Some towns you pass through. Barichara you slow down for. Set in the hills of Colombia’s Santander department, this small colonial town has spent three centuries doing very little, and that is exactly the appeal. The streets are paved in pale stone, the houses are white with terracotta roofs, and the whole place glows a soft gold in the late afternoon. If the look feels familiar, there is a reason: Barichara’s architecture helped inspire the fictional town in Disney’s Encanto. Travelers regularly call it the most beautiful village in Colombia, and after a day here it is hard to argue.

A Step Back in Time: The History of Barichara

Barichara was officially founded on January 25, 1705, by the Spaniard Francisco Pradilla y Ayerbe.
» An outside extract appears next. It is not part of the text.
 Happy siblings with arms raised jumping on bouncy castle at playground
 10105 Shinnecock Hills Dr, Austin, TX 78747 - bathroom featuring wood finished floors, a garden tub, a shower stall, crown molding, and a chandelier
Local legend gives it an older and stranger origin story: a farmer is said to have found the image of the Virgin Mary on a stone slab, the rock became a place of worship, and a chapel, and then a town, grew up around it. The name comes from the Guane Indigenous language and translates roughly as “place of rest,” which still suits it.
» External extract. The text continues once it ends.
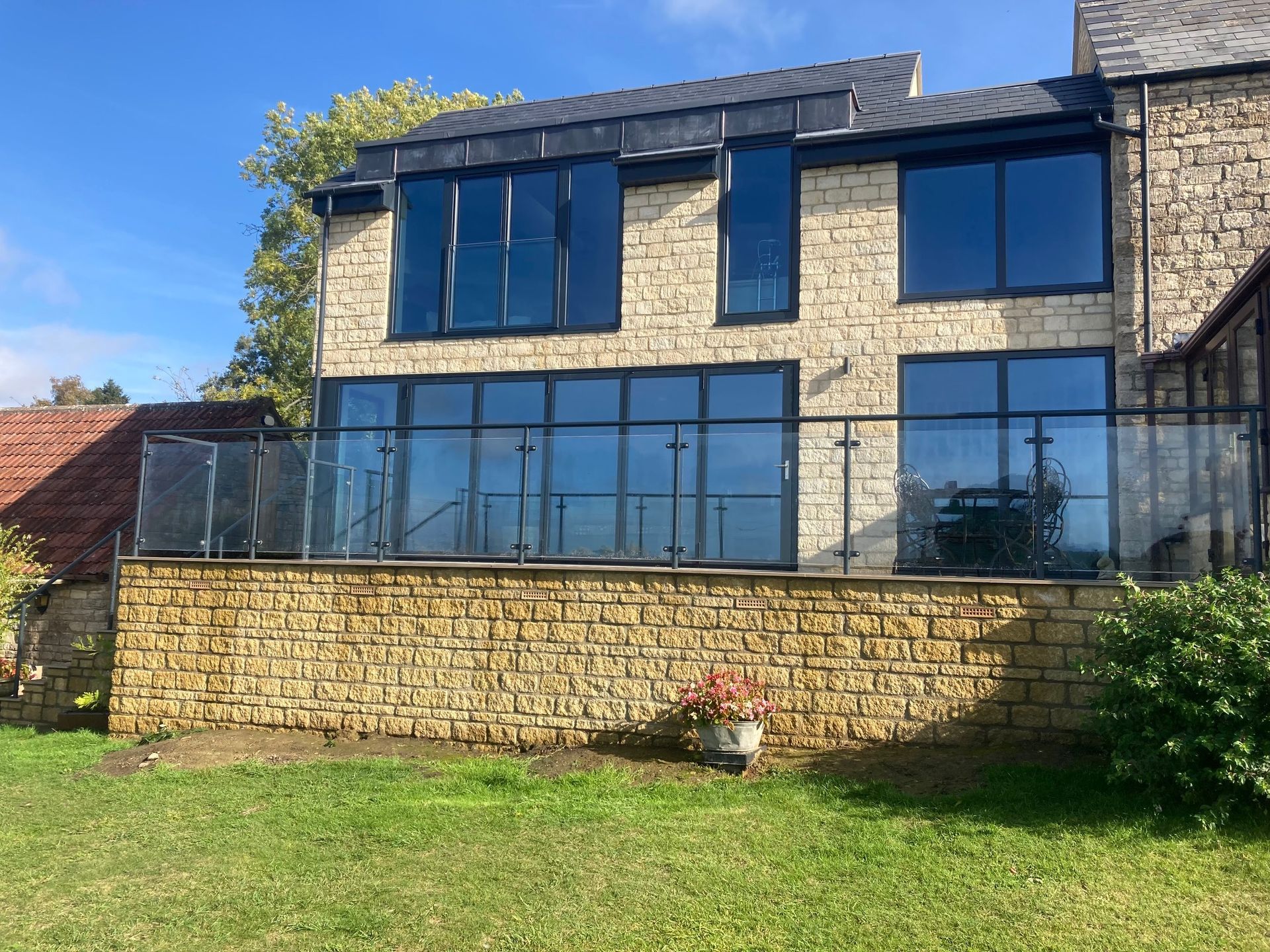 Two-story stone building with large, dark-framed windows and a glass balcony, set against a blue sky.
For most of its history Barichara was a quiet farming and trading town, and that quiet is what saved it. While other Colombian towns modernized, Barichara mostly did not. In 1978 the government declared it a National Monument, and in 2010 it was named one of the country’s official heritage towns, or pueblos patrimonio. Those protections are the reason the cobblestones and old houses are still standing, and still lived in, rather than torn down.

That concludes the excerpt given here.